#### Task prompt:
Output, exactly as written, the lines below starting at the line containing "American Flag Marshmallow" and ending at the line containing "Letto o letti in una camera di Petite Maison". Drop the pictures and keep both end lines.

#### Stored data:

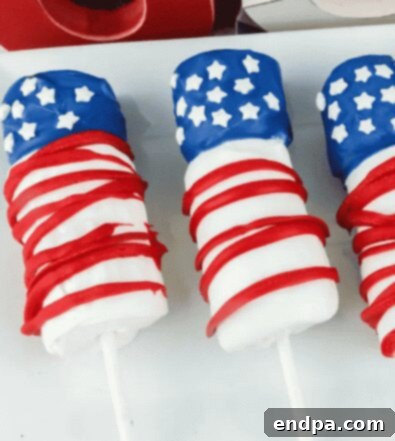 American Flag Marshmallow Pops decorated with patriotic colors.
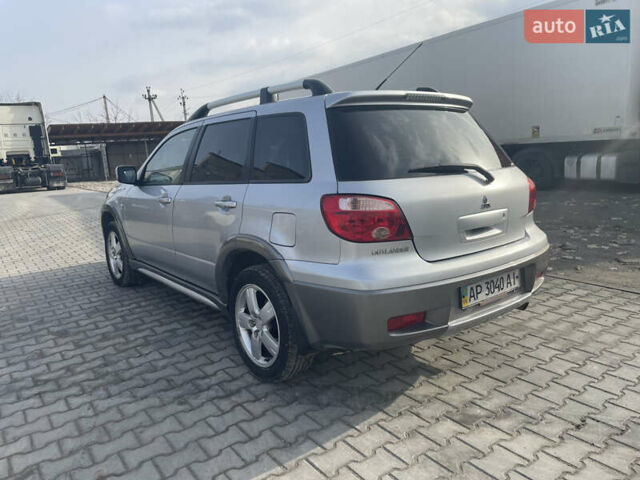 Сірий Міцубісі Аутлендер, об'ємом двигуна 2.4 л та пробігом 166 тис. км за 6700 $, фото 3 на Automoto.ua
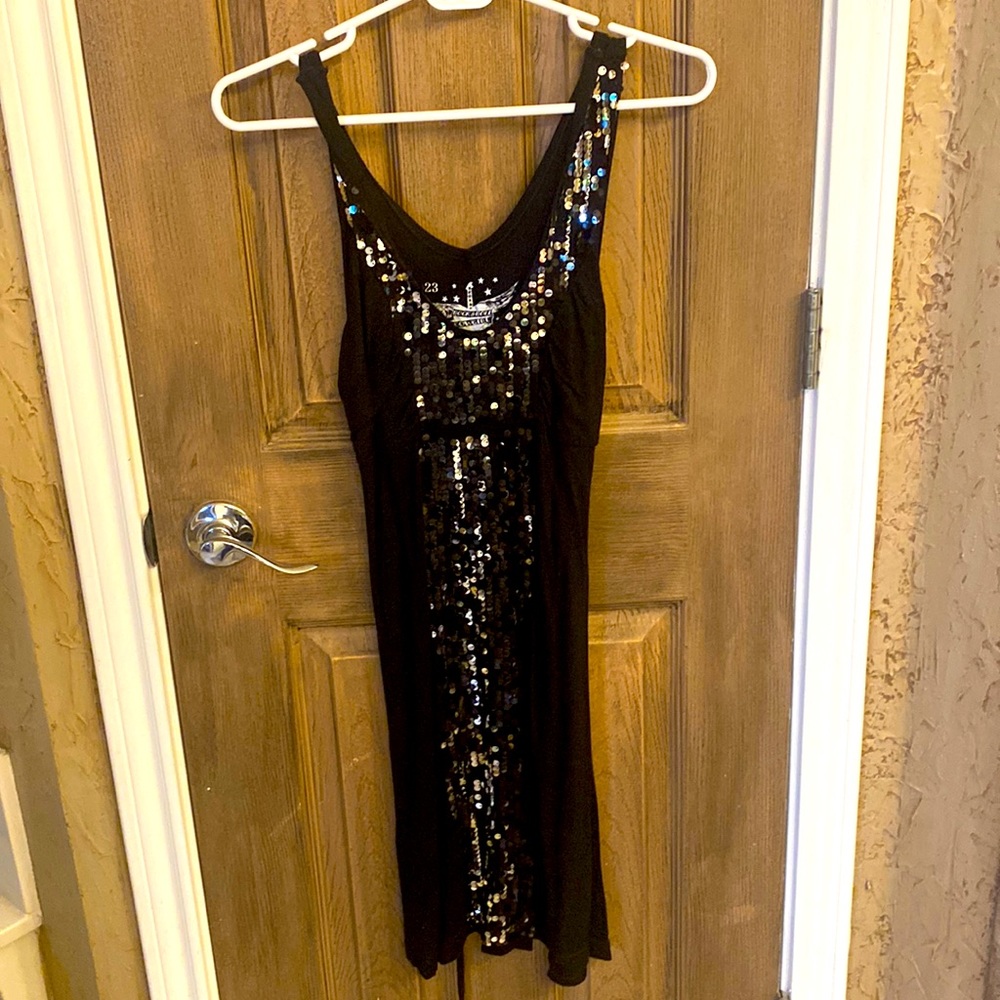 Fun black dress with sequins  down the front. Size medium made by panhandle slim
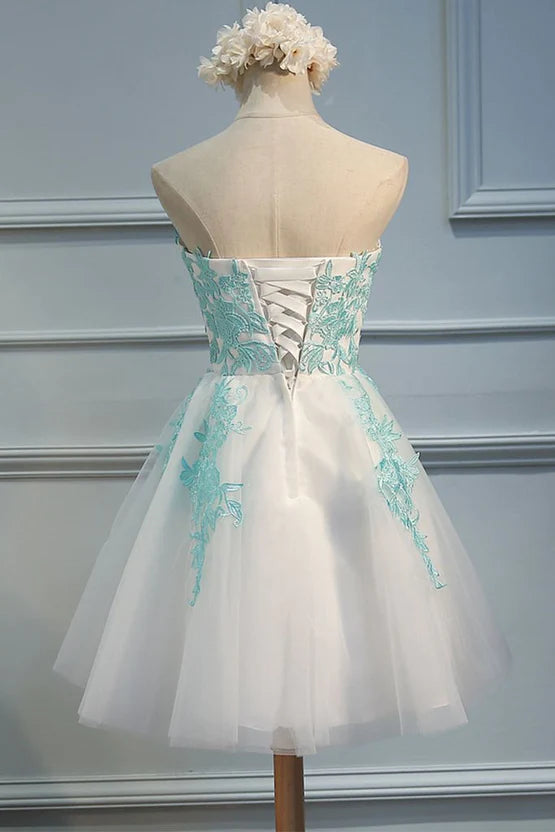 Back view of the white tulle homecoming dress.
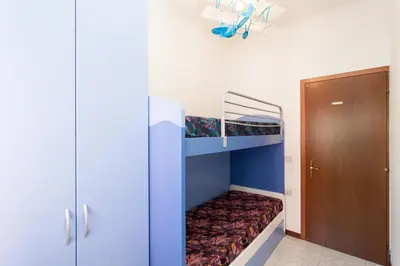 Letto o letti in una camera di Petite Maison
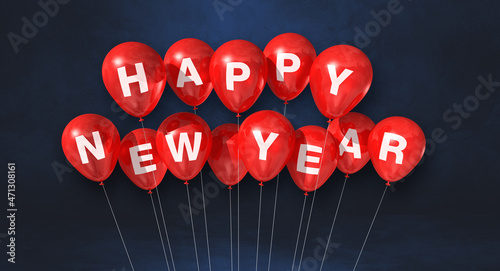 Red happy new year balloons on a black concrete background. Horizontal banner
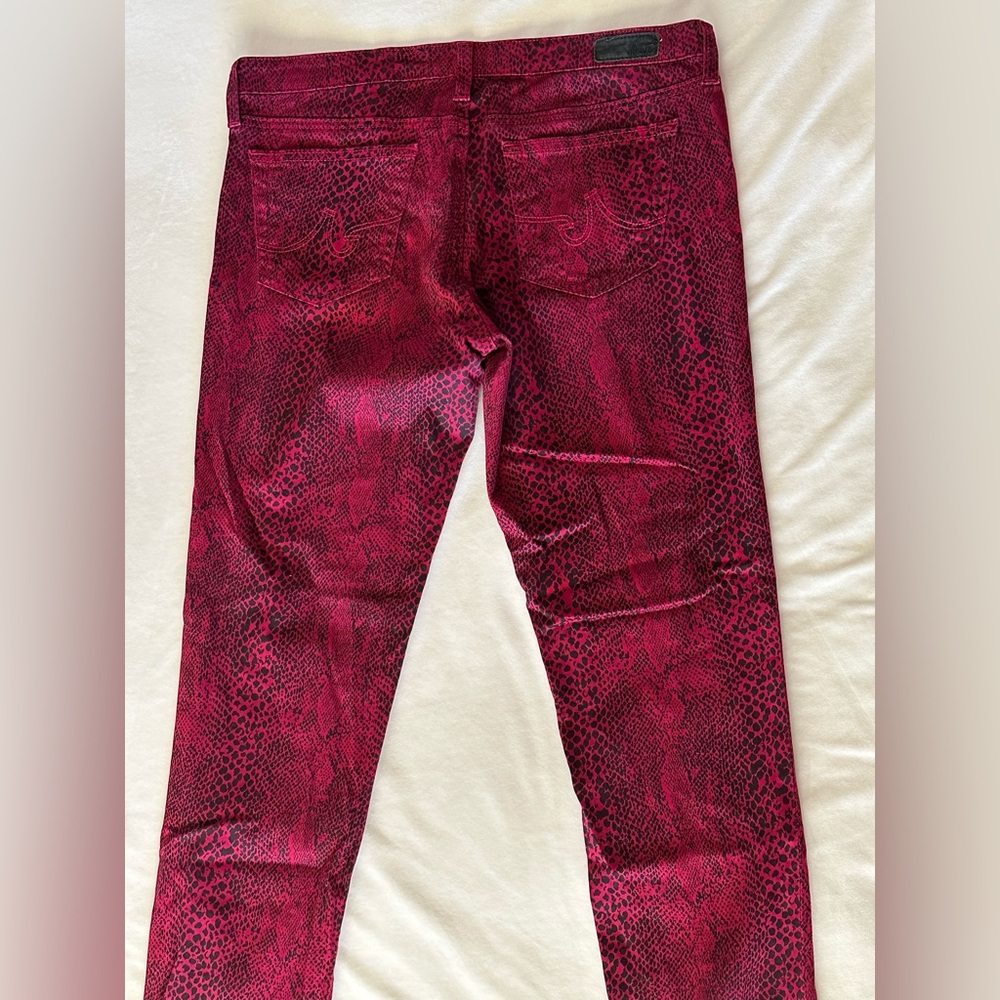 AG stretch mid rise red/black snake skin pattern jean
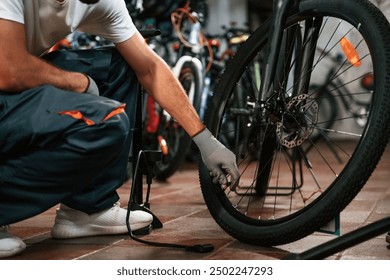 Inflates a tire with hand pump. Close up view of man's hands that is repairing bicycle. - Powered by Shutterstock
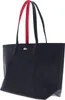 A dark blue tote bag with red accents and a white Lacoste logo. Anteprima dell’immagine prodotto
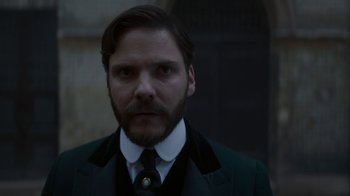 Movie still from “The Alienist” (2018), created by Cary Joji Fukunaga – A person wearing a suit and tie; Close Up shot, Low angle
--
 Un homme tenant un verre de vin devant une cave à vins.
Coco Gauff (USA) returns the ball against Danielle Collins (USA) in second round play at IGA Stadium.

#### Result below:
 American Flag Marshmallow Pops decorated with patriotic colors.
 Сірий Міцубісі Аутлендер, об'ємом двигуна 2.4 л та пробігом 166 тис. км за 6700 $, фото 3 на Automoto.ua
 Fun black dress with sequins  down the front. Size medium made by panhandle slim
 Back view of the white tulle homecoming dress.
 Letto o letti in una camera di Petite Maison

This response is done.